#### Records for this exercise ####
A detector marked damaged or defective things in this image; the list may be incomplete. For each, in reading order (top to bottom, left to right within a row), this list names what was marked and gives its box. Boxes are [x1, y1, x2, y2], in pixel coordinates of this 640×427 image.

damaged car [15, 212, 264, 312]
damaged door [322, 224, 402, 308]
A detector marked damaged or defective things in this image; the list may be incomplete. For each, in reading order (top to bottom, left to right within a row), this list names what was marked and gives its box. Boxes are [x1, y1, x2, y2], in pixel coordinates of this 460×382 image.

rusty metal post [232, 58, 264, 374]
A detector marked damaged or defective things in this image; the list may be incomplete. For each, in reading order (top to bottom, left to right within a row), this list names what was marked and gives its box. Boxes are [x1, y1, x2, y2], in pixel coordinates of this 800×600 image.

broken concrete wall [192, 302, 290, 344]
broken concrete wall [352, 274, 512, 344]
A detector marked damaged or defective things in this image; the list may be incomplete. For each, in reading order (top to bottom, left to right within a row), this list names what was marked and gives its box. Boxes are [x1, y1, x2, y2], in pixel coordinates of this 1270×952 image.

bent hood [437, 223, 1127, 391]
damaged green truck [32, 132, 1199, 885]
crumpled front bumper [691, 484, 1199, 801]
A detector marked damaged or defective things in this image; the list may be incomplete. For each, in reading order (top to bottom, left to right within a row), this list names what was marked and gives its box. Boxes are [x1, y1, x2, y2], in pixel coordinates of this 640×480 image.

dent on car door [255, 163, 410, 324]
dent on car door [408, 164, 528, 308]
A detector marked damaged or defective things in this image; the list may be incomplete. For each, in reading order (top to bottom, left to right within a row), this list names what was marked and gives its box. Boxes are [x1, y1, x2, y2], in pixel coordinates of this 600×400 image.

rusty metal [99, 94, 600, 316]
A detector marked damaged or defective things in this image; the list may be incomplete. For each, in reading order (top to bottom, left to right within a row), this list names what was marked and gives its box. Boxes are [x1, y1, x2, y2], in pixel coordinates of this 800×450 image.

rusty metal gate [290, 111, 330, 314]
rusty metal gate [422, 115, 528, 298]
####
■ Problem ■
Quote only the lines from the line containing "this 800×450 image." through the end of the entries, keeping the first and the last.

■ Written response ■
A detector marked damaged or defective things in this image; the list may be incomplete. For each, in reading order (top to bottom, left to right within a row), this list names what was marked and gives its box. Boxes are [x1, y1, x2, y2], in pixel coordinates of this 800×450 image.

rusty metal gate [290, 111, 330, 314]
rusty metal gate [422, 115, 528, 298]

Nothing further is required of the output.